Голос его торжественно разнесся над толпой.

— Молчать! — заорал человек в ливрее, приняв слова Джерома за угрозу всем английским реформаторам, но меня пробрала невольная дрожь: я-то был уверен, что свое пророчество Джером обращал лично ко мне.

Мне вспомнились слова, сказанные им в тайном убежище в Хэзли-Корте: «Мы с вами похожи, вы пойдете на смерть так же мужественно, как и я, когда придет мое время». О себе он напророчил верно, подумалось мне. Красивое лицо его было изуродовано пыткой, и стоять без посторонней помощи этот еще недавно сильный и уверенный в себе молодой человек не мог, но последние мгновения своей жизни он встречал с изумительной отвагой.

Королевский чиновник смотрел на приговоренного с отвращением. Толпа замерла, затаив дыхание.

— Изобличенный изменник, ты знаешь, какое наказание ждет тебя за твои злодеяния: ты будешь подвешен за шею, но вынут из петли прежде, чем умрешь. Затем твои гениталии будут отрезаны, ибо ты недостоин оставить после себя потомство. Твои внутренности будут вырезаны и сожжены у тебя на глазах, твоя голова, задумавшая предательство, будет отрублена, а тело расчленено на четыре части, кои будут выставлены на позорище по усмотрению ее величества. И да сжалится Господь над твоей душой!

Джером запрокинул голову — летний дождь лился ему в рот и в глаза — и возопил к небесам:

— In manus tuas, Domine, commendo spiritum meum![38]

Удар кнута — лошади рванули, протащили за собой телегу, петля сдавила шею. Его вынули из петли еще живого, но почти без сознания, и два человека поволокли его на эшафот. Удавить приговоренного перед казнью, чтобы он лишился чувств, — это хоть какой-то признак милосердия, подумал я. Но тут палач плеснул ледяной водой ему в лицо, и Джером очнулся, отплевываясь и содрогаясь всем телом. Дело еще не было кончено: Джерома распластали на мясницком столе и сорвали с него одежду. Как Сидни и предсказывал, многие из зрителей кинулись вперед, пытаясь ухватить клочок ткани на память о мученике. И вновь надвинулись стражники с пиками и оттеснили народ назад.

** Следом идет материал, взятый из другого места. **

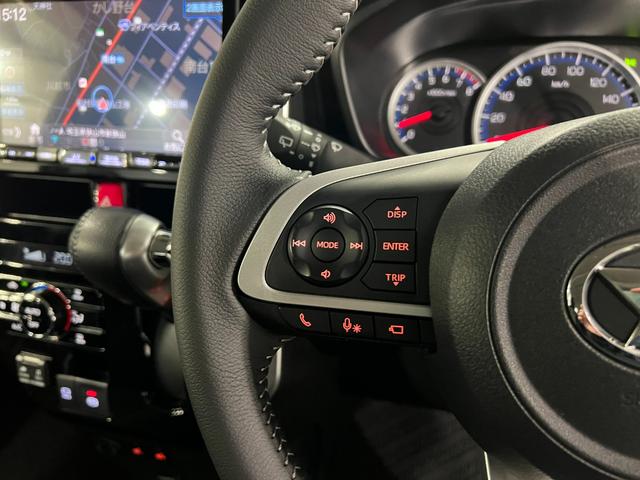 トールカスタムG 走行25169キロ/純正9インチナビ/ドラレコ1年保証距離無制限 走行距離25169キロ 純正フルセグナビ パノラマモニター ドラレコ 純正マット LEDヘッドランプ アイドリングストップ 両側電動スライドドア オート格納式ドアミラー キーフリー(埼玉県)の中古車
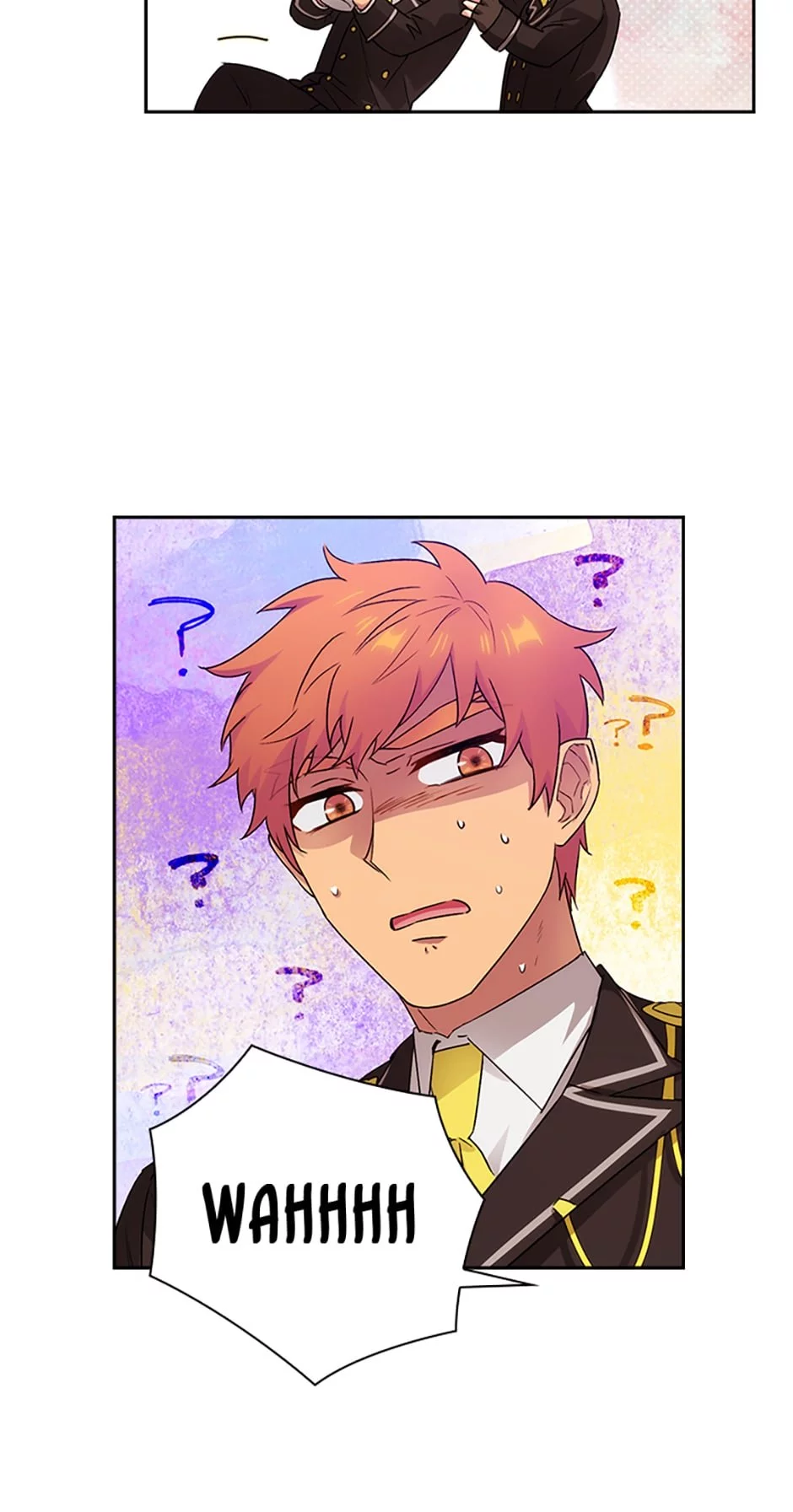 Reminiscence Adonis Chapter 127 page 16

Как и многие в толпе, я поспешил отвернуться, когда палач занес нож над гениталиями Джерома, но от крика, пронзившего холодный воздух, сдавило горло. А когда отрезанную плоть бросили в котел с маслом — о боже, как только меня не стошнило от этого запаха и шипенья! И вот тогда, стараясь не смотреть на самое чудовищное зрелище, какое доводилось мне видеть, я вспомнил о Софии. «Недостоин оставить после себя потомство». Но где-то в кентской глубинке подрастает и вскоре увидит свет его дитя, дитя, которому не суждено будет узнать о судьбе своего отца. И вновь, в сотый или в тысячный раз с тех пор, как я вернулся из Оксфорда, я задал себе вопрос: так ли прав был Томас Аллен с его безумными обвинениями? В самом ли деле Джером собирался убить Софию, или они жили бы счастливо на другом берегу Ла-Манша, если бы не мое вмешательство?